Perciò il Collegio non ritiene condivisibile la pronuncia, rimasta invero isolata, in cui si è affermato che, nella determinazione del reddito complessivo, rilevante ai fini dell’ammissione al patrocinio a spese dello Stato, non si tiene conto dei redditi facenti capo al coniuge in stato di separazione di fatto, pur di fronte ad una persistente coabitazione, giacchè quest’ultimo, pur coabitando, non compie alcuna attività concreta di contribuzione alla vita familiare (Sez. 4, n. 29302 del 24/04/2014, Volpini, Rv. 262236).

In quella sede, si è rilevato – non condivisibilmente ad avviso del Collegio-che, secondo il disposto e la ratio della disposizione citata, non è sufficiente la mera situazione di fisica convivenza odi mera coabitazione per includere toutcourt i redditi del soggetto coabitante o convivente nel coacervo reddituale del soggetto istante perchè possono verificarsi situazioni nelle quali la mera coabitazione non equivale ad effettiva contribuzione del coabitante, situazioni la cui fenomenologia è certamente transitoria (separazioni “in casa” e “di fatto”, che preludono ad ulteriore formalizzazione e sviluppo) e che non autorizzano di certo la presunzione di un incremento reddituale sulla base del solo dato formale della (temporanea) coabitazione in attesa della definitiva separazione.

5. Orbene, nel caso che ci occupa, dal provvedimento impugnato, e da quello di revoca del Tribunale di Rimini del 2018 non si evince se -come afferma il difensore ricorrente- la Z. fosse separata di fatto dal marito e vivesse addirittura in un’altra città.

Tale situazione di fatto deve risultare, in primis, dalla sopra ricordata situazione all’anagrafe comunale. Ma con tutta evidenza ciò non basta, perchè si potrebbe trattare di una situazione formale, non di rado posta in essere da coniugi titolari di più unità immobiliari, a meri fini fiscali.

Ciò che rileva è l’effettiva non convivenza e, pertanto, la circostanza che il coniuge separato di fatto, presso il diverso sito ove afferma di vivere, sia, ad esempio, titolare di utenze per forniture di servizio o beni essenziali quali acqua, energia elettrica, etc..

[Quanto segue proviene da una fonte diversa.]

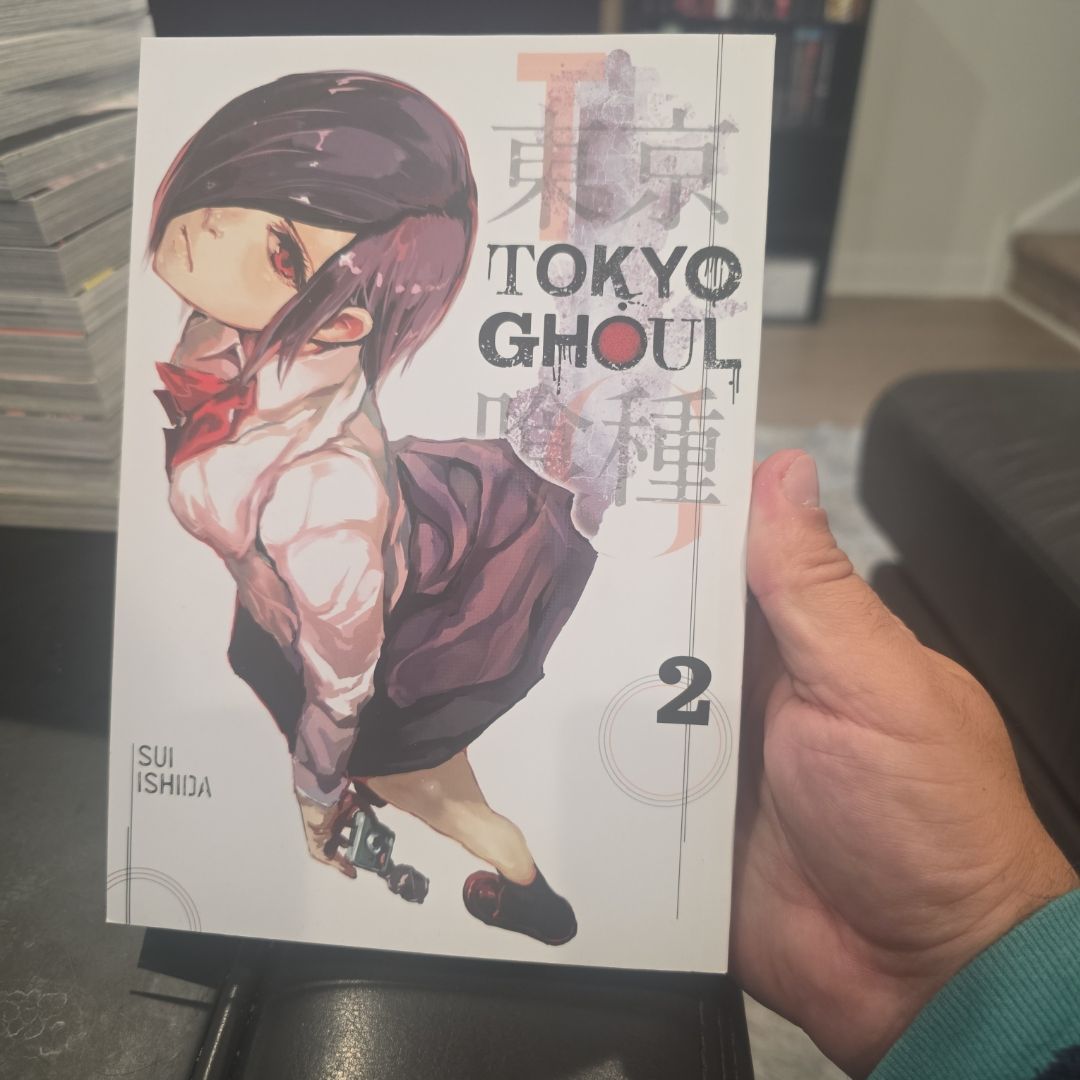 Tokyo Ghoul, Vol. 2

Ciò dovrà essere verificato dal giudice del rinvio, previe le necessarie produzioni delle parti, viceversa operando la presunzione di coabitazione tra coniugi non legalmente separati. Corroborata, peraltro, dalla circostanza che è emersa dagli accertamenti fiscali che l’odierna ricorrente fosse fiscalmente a carico del marito. Ed essendo stata nel qual caso legittimamente revocata l’ammissione al patrocinio a spese dello Stato.

P.Q.M.

Annulla il provvedimento impugnato e rinvia per nuovo esame residente del Tribunale di Rimini.
Conclusione

Così deciso in Roma, il 22 settembre 2021.